Drink was involved. Paige admits that she blacked out during the incident and the accused has no recollection of what happened. Paige, encouraged by a fellow rape victim, writes a blog about her experience and invites others to submit further accusations. Cue a flood of 520 anonymous complaints. The writer, Kendall Feaver, seems unaware that a single crisis is enough for a play and by adding hundreds more she simply blurs the focus. From here the drama starts to get its tentacles into all kinds of themes and issues. There’s a rapist on the loose who murdered a student back in 1986. A gang of drunken rowdies are accused of vandalising an important portrait of a Victorian feminist. Jo’s relationship with her old flame Michael comes under scrutiny when it emerges that he was her tutor during their romance. Does that make him an abuser, too?
Michael has since married the eccentric Leila who gets her kicks by having public sex in Christian places of worship. More storylines spring up like daisies. Jo has to deal with the construction of a ‘new prayer room’ to accommodate the religious fervour of a Malaysian student who calls himself Gerald. And Jo learns about a game in which male students share out the female first-years like sex slaves.
As she investigates Paige’s complaint, she renounces her rad-fem principles and argues that ‘sexual assault’ is too broad a category as it gives equal status to a stolen kiss and a gang rape. That’s a fair point. And she makes a speech comparing the optimistic and combative feminism of the 1980s with the tragic surrenders of the 1990s when ‘ladette’ culture developed. Or did Leila say all that stuff? The two characters are interchangeable. Later, someone delivers a well-researched history lesson about the tax status of British women during the 20th century.
The script is far too stiff and discursive to grip your attention. And the original complaint of sexual assault vanishes beneath the tundra of irrelevant subplots. However, for professors of gender studies and their pupils this show is an unmissable treat. And, if anyone’s interested, there are readings of middle eastern poetry in Farsi and English as well. The show feels like an attempt by the dramatist to discover what she wants to write about. The answer is, she doesn’t know.

Abduction dramas are as old as Aeschylus’s Prometheus Bound. This version, by Samantha Hurley, concerns the capture of the movie star Tobey Maguire. He wakes up one day and finds himself chained to a pole in the basement of a deranged teenage fan named Shelby. She zaps Tobey with a Taser and asks him to marry her. When he accepts, she squawks and yells with ecstasy and she continues to scream her lines for the duration of this 105-minute horror show. It’s unclear how Tobey wound up in the mad girl’s basement. The actor, Anders Hayward, doesn’t resemble the star very closely. So perhaps it’s all a hoax. Or is it a dream unfolding in Shelby’s deranged imagination?

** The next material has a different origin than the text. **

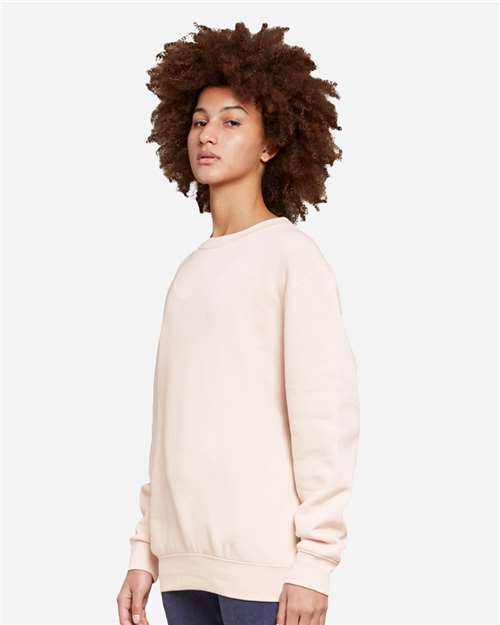Lane Seven LS14004 Unisex Premium Crewneck Sweatshirt - Pale Pink - model side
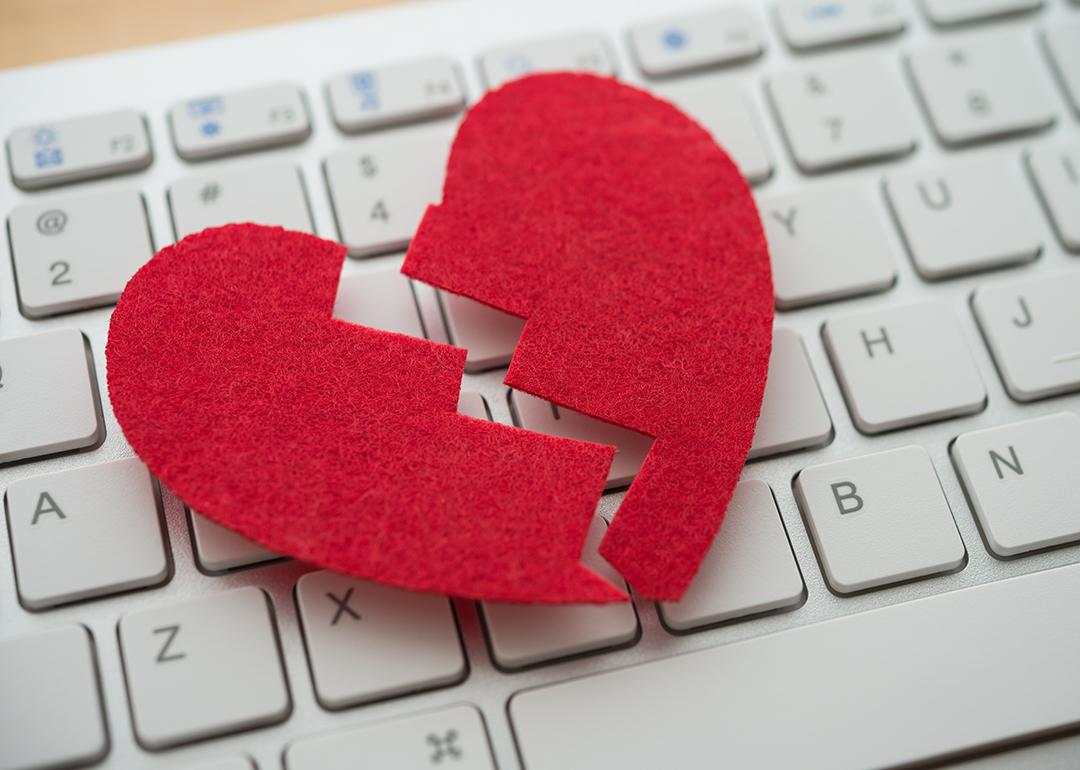 A red broken heart cutout on top of a white keyboard.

The ‘Tobey’ character claims that he’s the victim of a random kidnapping. But at times he seems to know Shelby already. Maybe they’re friends engaged in an elaborate a game of role-play. It’s impossible to tell. And the script offers no rewards to anyone who gives it their full attention. The meandering and repetitive action is padded out with dull sketch-routines involving a camp estate agent and other clowns.

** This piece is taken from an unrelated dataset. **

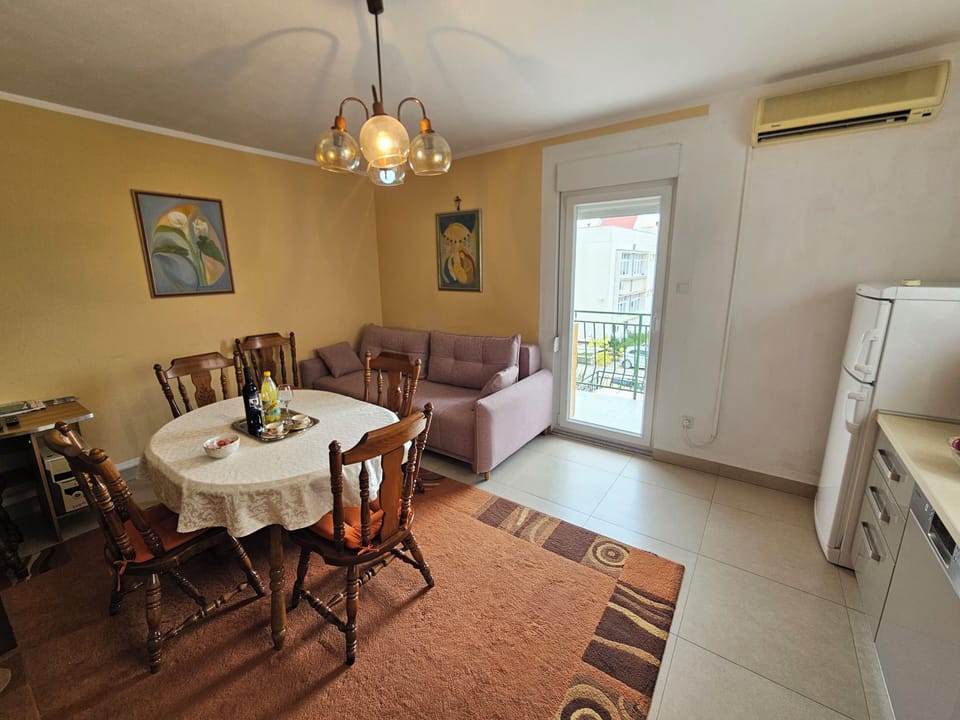 Living room with balcony access.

At one point, Shelby stops screaming and tries to commit suicide by drinking custard. Later, the Tobey character dons a tatty Spiderman costume and indulges in a spot of ‘audience participation’. This led to a very uncomfortable atmosphere in the stalls. A few play-goers walked out. Perhaps they felt unwell but it’s likely that they feared being picked on by the cast. Bullying the customers is never a wise business practice. The saving grace of this show is that it offers a genuine experience. If you want to know how it feels to be stuck in a room with a screaming psychotic, buy a ticket.